Saved data entries
******

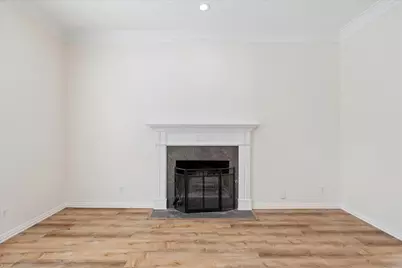 568 Cooper Street, Grand Prairie, TX 75052 - Photo 6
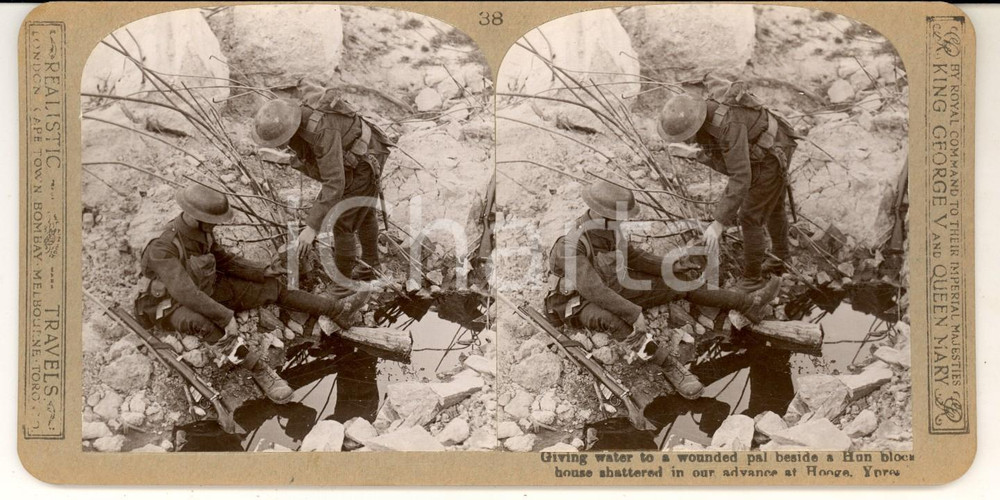 Fotografia d epoca originale 1918 WW1 THE GREAT WAR YPRES Water to a wounded pal Stereoscopic photo nÂ° 38 1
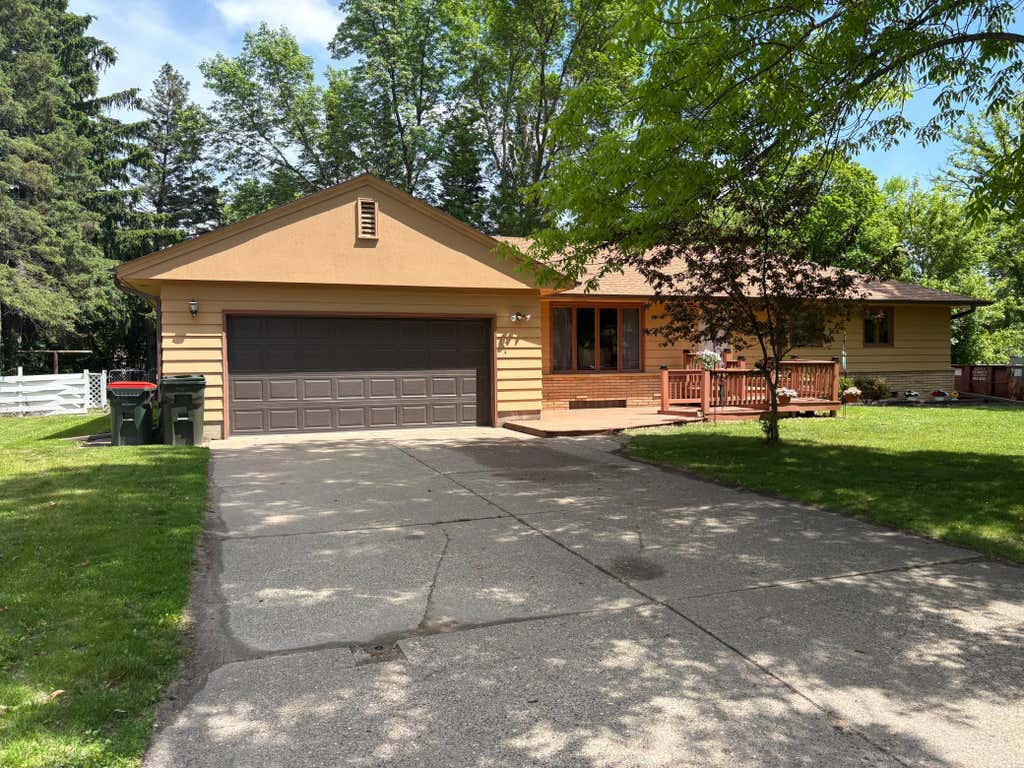 Photo of 1829 Graydon Avenue, Brainerd, MN 56401 (MLS # 7066806)
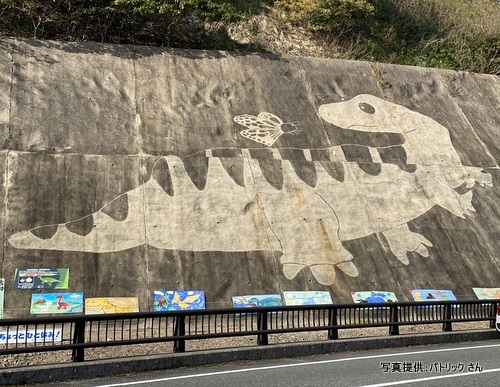 恐竜エコアート（山口県下関市）【こんなところで恐竜発見！】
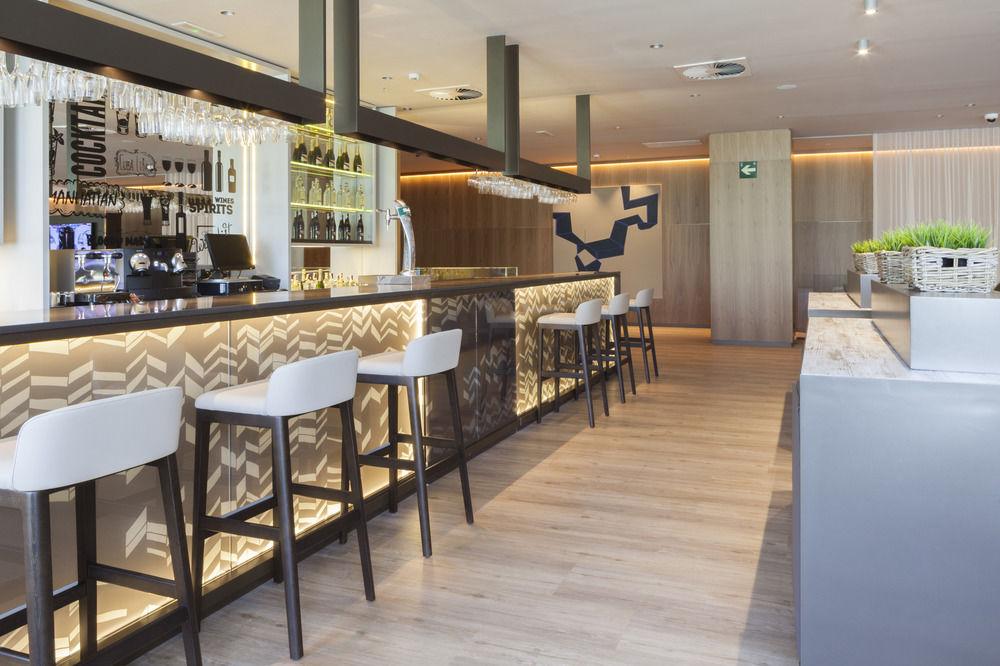 Ac Hotel Diagonal L'Illa By Marriott Barselona Dış mekan fotoğraf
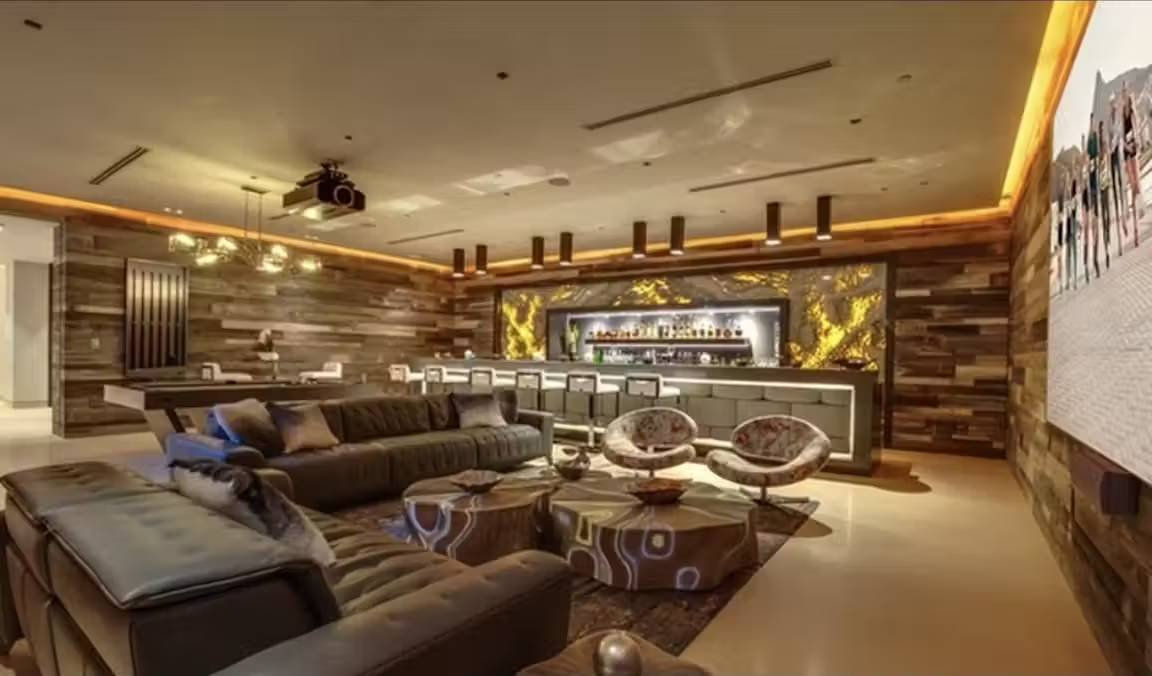 1707860506020-Photo May 28, 7 50 40 PM Perla De La Costa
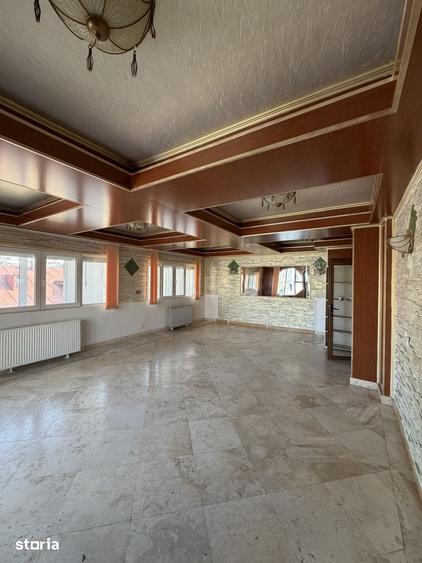 Apartament cu 4 camere în Victoriei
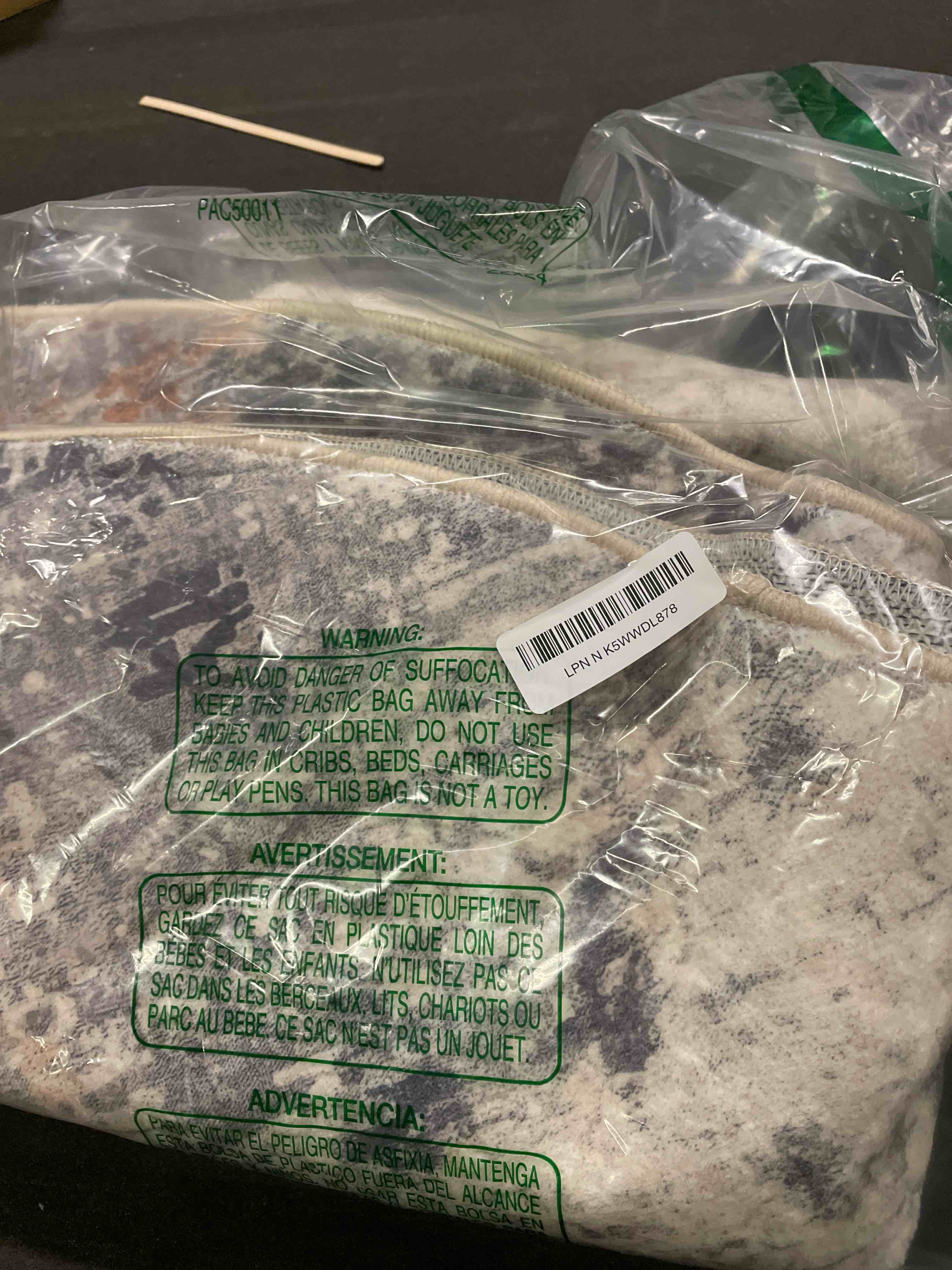 Condition photo showing Good Condition for Lahome Modern Abstract Round Rug - 4Ft Grey Small Bathroom Rug Indoor 4x4 Circle Rugs Washable Kitchen Mat, Non Slip Contemporary Bedroom Carpet for Living Dining Room Office Nursery 4' Round Grey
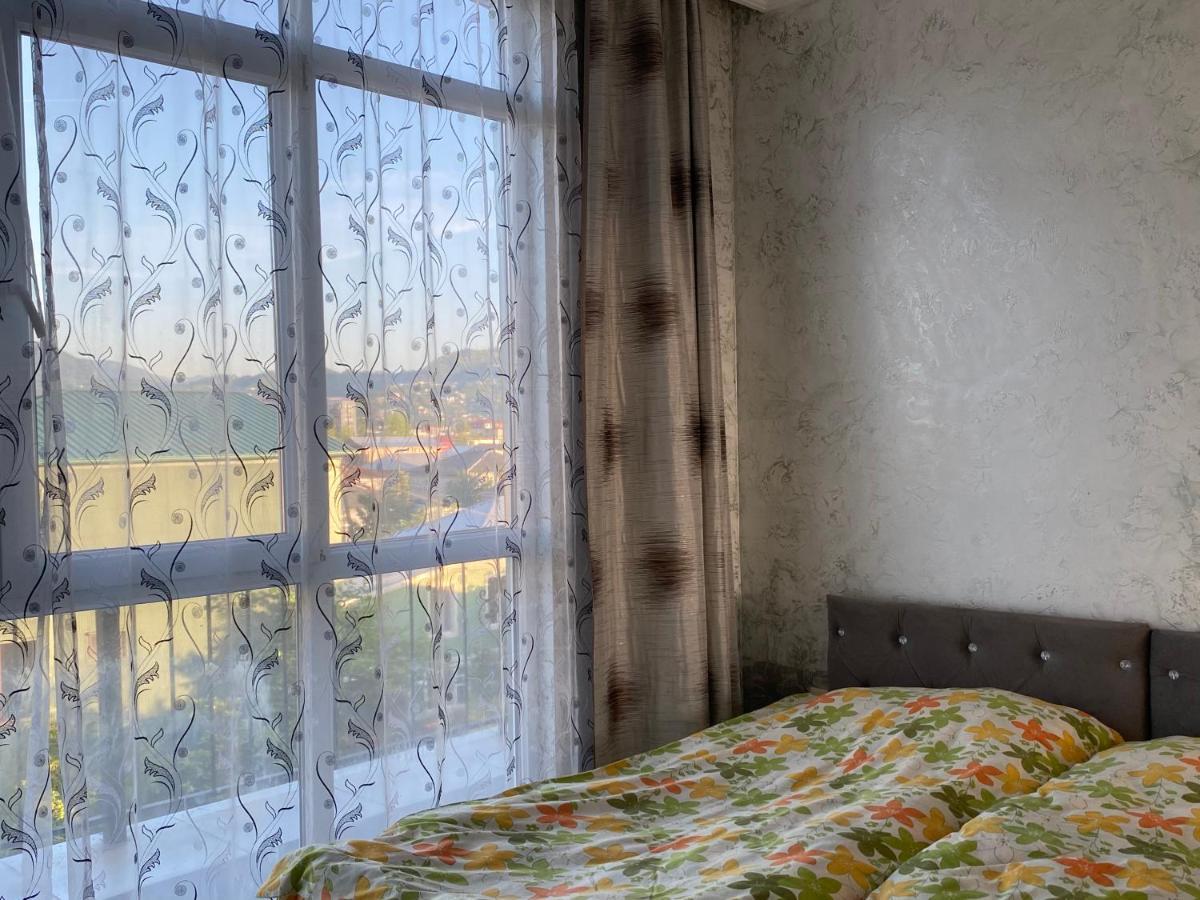 Merab House Batumi Eksteriør billede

******

- Activity
Beginning with the line that holds "Photo of 1829", return each line through the end of the records above exactly. Do not include pictures.

- Response
 Photo of 1829 Graydon Avenue, Brainerd, MN 56401 (MLS # 7066806)
 恐竜エコアート（山口県下関市）【こんなところで恐竜発見！】
 Ac Hotel Diagonal L'Illa By Marriott Barselona Dış mekan fotoğraf
 1707860506020-Photo May 28, 7 50 40 PM Perla De La Costa
 Apartament cu 4 camere în Victoriei
 Condition photo showing Good Condition for Lahome Modern Abstract Round Rug - 4Ft Grey Small Bathroom Rug Indoor 4x4 Circle Rugs Washable Kitchen Mat, Non Slip Contemporary Bedroom Carpet for Living Dining Room Office Nursery 4' Round Grey
 Merab House Batumi Eksteriør billede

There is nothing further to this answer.